- [Work order] Please restate, exactly as they appear, only the lines from the one that contains "Do you like" to the final line of the entries, with no pictures.

- [Data shown]
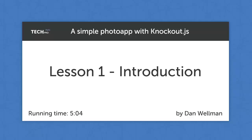Knockout.js is a pure JavaScript framework, so no other libraries or frameworks are required to use it, but it works very well with jQuery, so we'll also be using this.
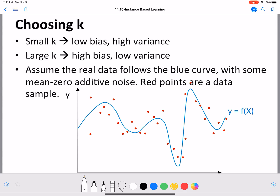For the sake of this discussion, we are going to assume a blue curve which is the real data. So the real data follows the blue curve. And we are going to collect data samples which have some noise and some inaccuracies, and hence those are recorded as red dots.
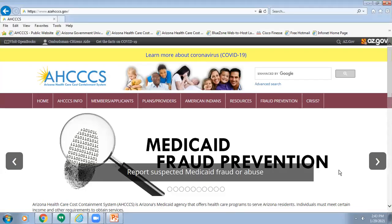Welcome to the Access Fee for Service Provider Training presentation. This video provides information regarding the prior authorization requirements for a behavioral health residential facility, provider type B8. During this presentation, we will refer to a behavioral health residential facility as a BHRF.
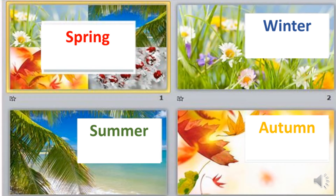Do you like spring season? I like spring season, but some people like winter season, some people like summer season, and some people like autumn season. In spring season we see flowers everywhere, because in this season new leaves appear on the plants and the flowers bloom.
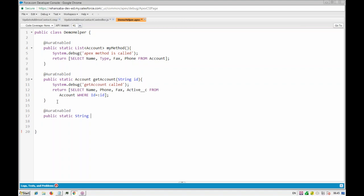When you click on 'update address', it checks whether the addresses are matching. If they match, it passes a message that they're already the same. We can handle that message in the component or in Apex — whichever way you want. Let's go with boolean for now: public static boolean updateAddress, taking one ID parameter which is our contact ID.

- [Response to this task]
Do you like spring season? I like spring season, but some people like winter season, some people like summer season, and some people like autumn season. In spring season we see flowers everywhere, because in this season new leaves appear on the plants and the flowers bloom.
When you click on 'update address', it checks whether the addresses are matching. If they match, it passes a message that they're already the same. We can handle that message in the component or in Apex — whichever way you want. Let's go with boolean for now: public static boolean updateAddress, taking one ID parameter which is our contact ID.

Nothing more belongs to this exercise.